Mhm! I plan to get some great games for it off ebay too. Oh, and news to add with it, I tried Sonic CD out on it, perfect! Although I did notice, in Tidal Tempest, Act III, in the beginning of the boss battle, when Dr. Robotnik was gathering the air pockets, it was lagging for at that part... I don't know if this is normal or not, any ideas?







Other than that, it seems to run great.


----------



## RADEON

Quote:



Originally Posted by *Hoodcom*


Mhm! I plan to get some great games for it off ebay too. Oh, and news to add with it, I tried Sonic CD out on it, perfect! Although I did notice, in Tidal Tempest, Act III, in the beginning of the boss battle, when Dr. Robotnik was gathering the air pockets, it was lagging for at that part... I don't know if this is normal or not, any ideas?

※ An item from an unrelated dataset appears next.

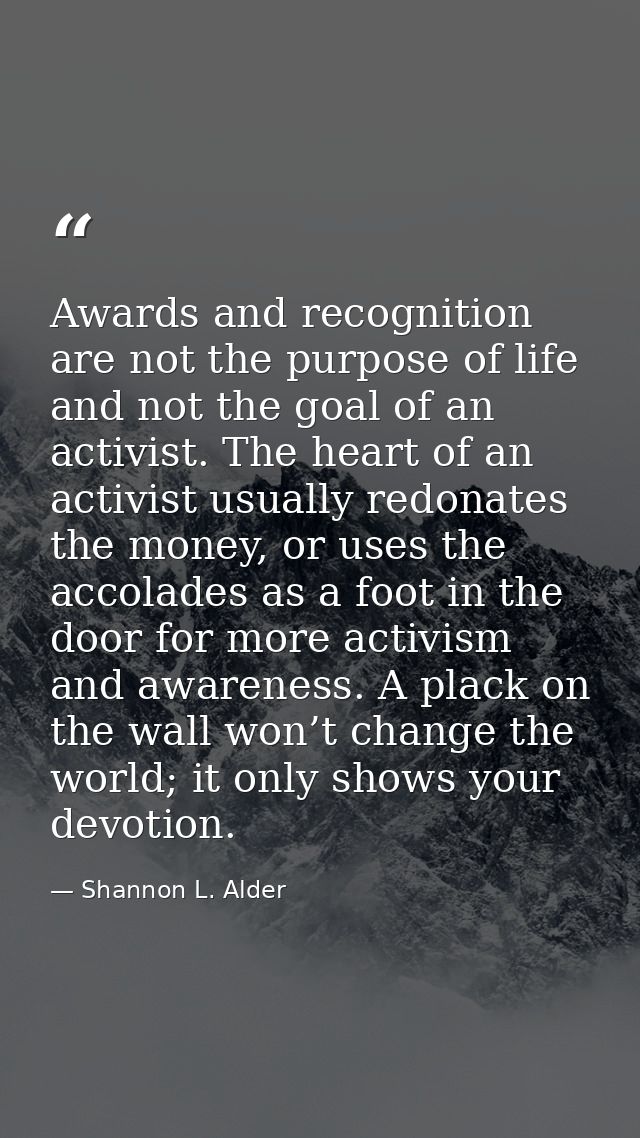 Awards and recognition are not the purpose of life and not the goal of an activist. The heart of an activist usually red — Shannon L. Alder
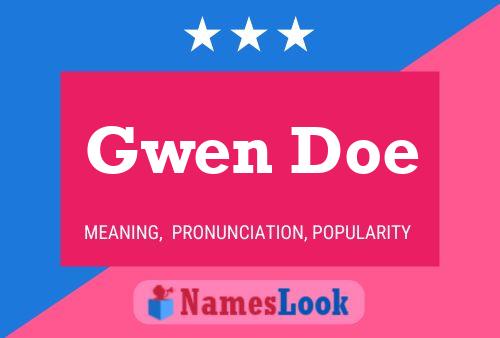 Affiche de nom Gwen Doe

Other than that, it seems to run great.



Ooo..Sonic CD! That game is da BOMB!

The slowdown on that part is normal. I've played that game quite a bit over the years. It's I think the best sonic game ever made. If you didn't know, if you finish a normal act (ie not a boss act) with 50 or more rings, you can jump through the big ring that appears at the end. You'll go to a bonus stage that is rendered in mode 7 3D. It's really cool and shows just what the machine is capable of.

If you ever see Batman Returns for that thing, grab it! That's also an ubercool game.


----------



## Hoodcom

Quote:


Originally Posted by *RADEON* 
Ooo..Sonic CD! That game is da BOMB!

The slowdown on that part is normal. I've played that game quite a bit over the years. It's I think the best sonic game ever made. If you didn't know, if you finish a normal act (ie not a boss act) with 50 or more rings, you can jump through the big ring that appears at the end. You'll go to a bonus stage that is rendered in mode 7 3D. It's really cool and shows just what the machine is capable of.

If you ever see Batman Returns for that thing, grab it! That's also an ubercool game.

I'll keep that in mind!









Well, Sega CD is still going! I had gotten Lunar: The Silver Star off ebay for it, and I have been playing it a lot. I have notice that sometimes it stops reading the disk, but all I had to do was open the lid for a bit, close it again and it works again. I know a power surge caused me to have to do that once, but other times were just it happening.. but hey, it's still going and I am still having fun...

I wanna get Lunar 2, but people charge a crazy amount of money for that and Lunar 1!!









I was lucky to get Lunar 1 for $20. Better than $50+ to $80+ on it that I've seen.


----------